L'arrivée des colons a bouleversé ces traditions. « La prison a d'abord été installée et utilisée pour contrôler les territoires et les populations rétives à la colonisation, hors de tout procès », explique l'experte. Au Kenya, « les premiers bâtiments construits par les Britanniques étaient des prisons. Il n'y avait pas d'État en tant que tel et, bien sûr, aucun système de justice ».
Cette logique répressive visait avant tout à assurer la rentabilité des colonies. « L'enfermement était avant tout un outil de répression politique et de contrôle du travail pour la mise en valeur de la colonie : construction des bâtiments publics, des routes, exploitation des plantations », souligne Clémence Bouchart.

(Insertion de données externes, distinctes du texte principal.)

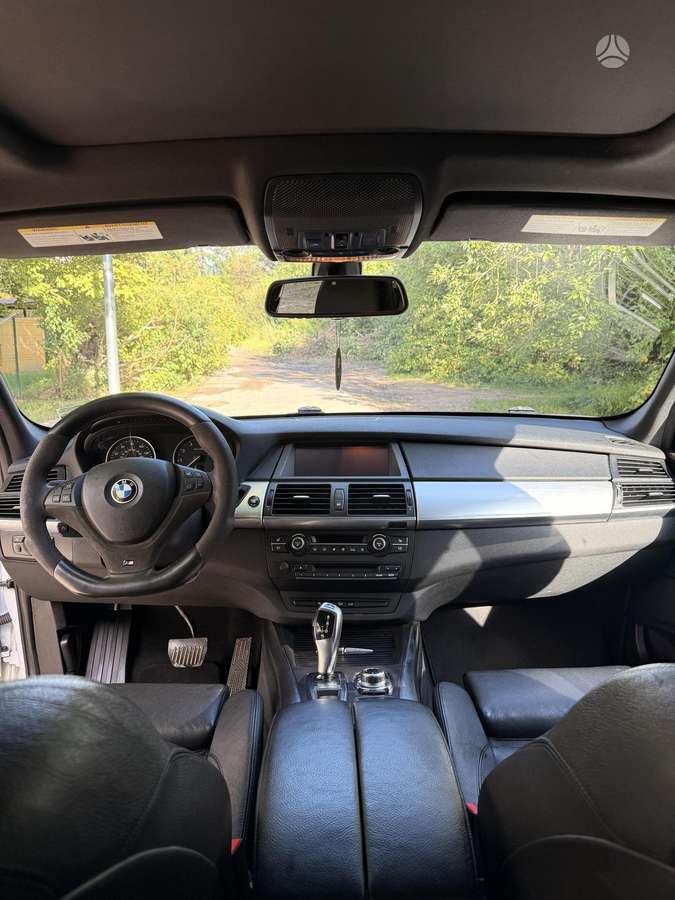 BMW X5, 3.0 l., off-road / crossover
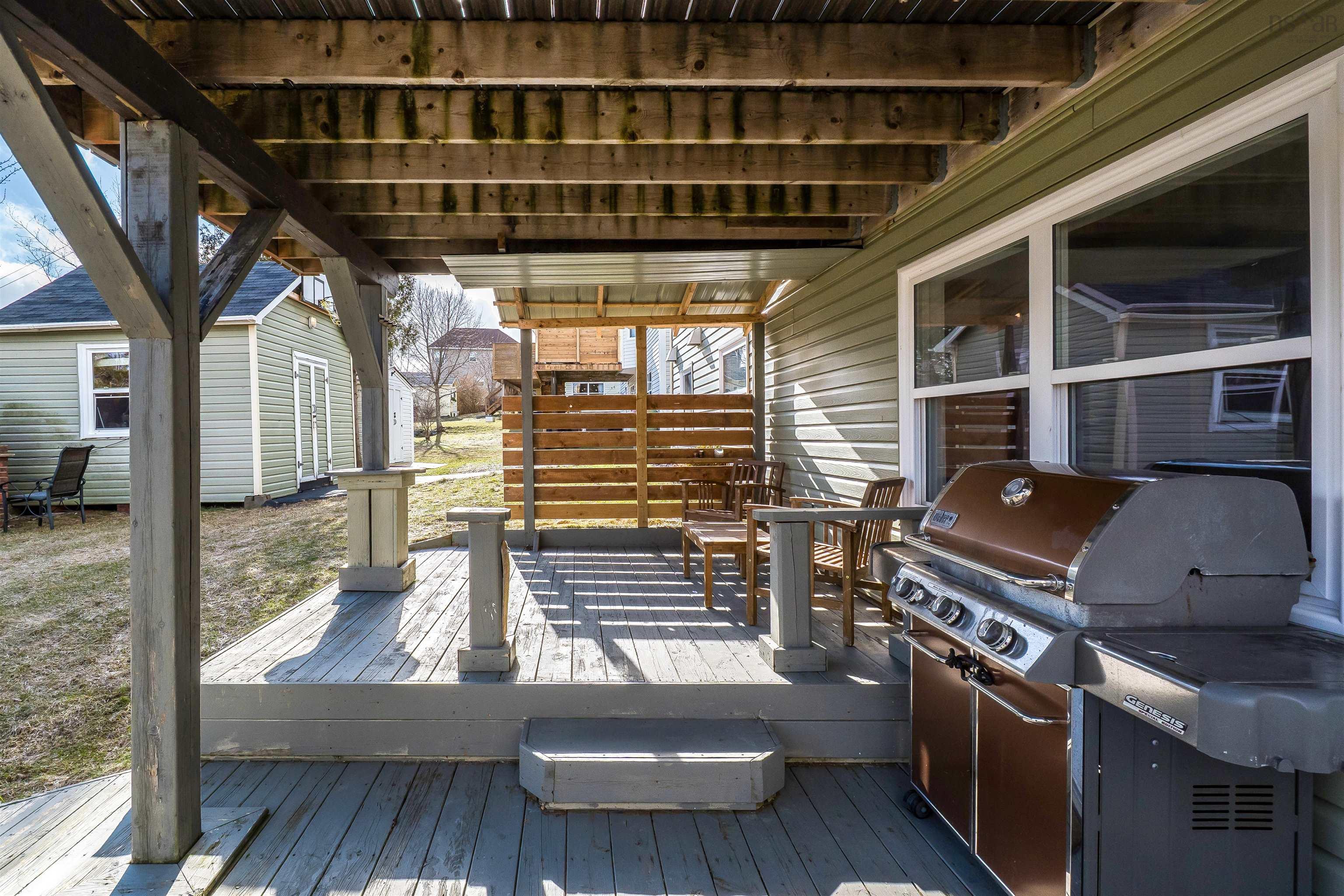 $779,000.00: 833 Basinview Drive, Bedford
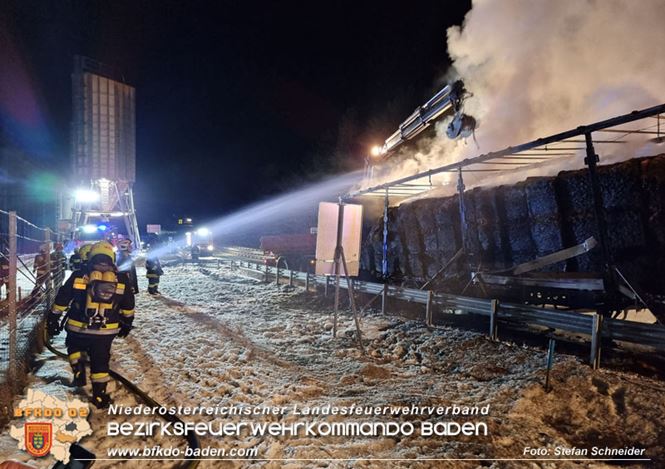 20230208 Lkw Sattelzug in Vollbrand bei Hochstra&szlig;   Foto: Stefan Schneider BFKDO BADEN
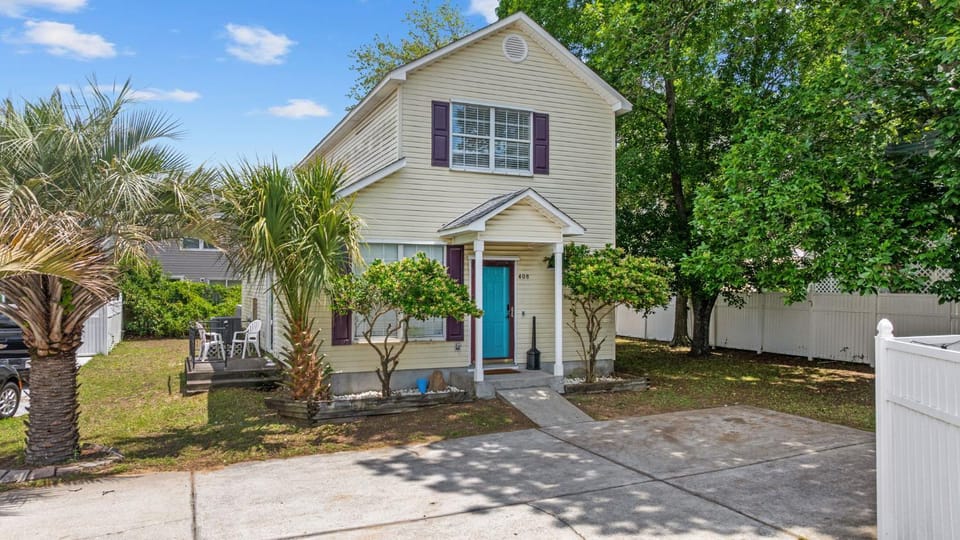 Beach Vibes Villa - 3 Bedrooms in prime location near beach with private yard! House in Myrtle Beach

La criminalisation de la pauvreté
L'héritage colonial se manifeste aujourd'hui par une criminalisation systématique des plus démunis. « Au départ, on assiste à une criminalisation des pratiques ancestrales », observe l'experte de Prison Insider. Les codes pénaux ont introduit des délits comme « l'oisiveté, le vagabondage, la consommation d'alcool et de drogues », autant de lois qui « vont se retrouver dans les codes pénitentiaires au moment des indépendances ».
Le Nigeria illustre parfaitement cette continuité. Selon l'avocat Damilare Adenola, cité par Afrique XXI, le système pénal nigérian est « devenu un outil contre les pauvres et les marginaux ». Un constat que partage Clémence Bouchart : « Le fait que les personnes détenues soient en majorité des gens pauvres est un héritage de la colonisation ».
À Haïti, cette logique atteint des proportions dramatiques. Roberson Edouard, expert cité dans l'étude, explique qu'on assiste à « une criminalisation systématique de la pauvreté ». Les infractions mineures représentent 25% des affaires traitées par la justice haïtienne, et « avec les larcins, on monte à 60% ».
Paradoxalement, l'aide internationale perpétue souvent ces dysfonctionnements. Clémence Bouchart dénonce un véritable « néocolonialisme » dans les programmes de réforme pénitentiaire. « L'exportation du modèle carcéral états-unien est incluse dans la politique étrangère des États-Unis au nom de la guerre contre le terrorisme et contre le narcotrafic », explique-t-elle.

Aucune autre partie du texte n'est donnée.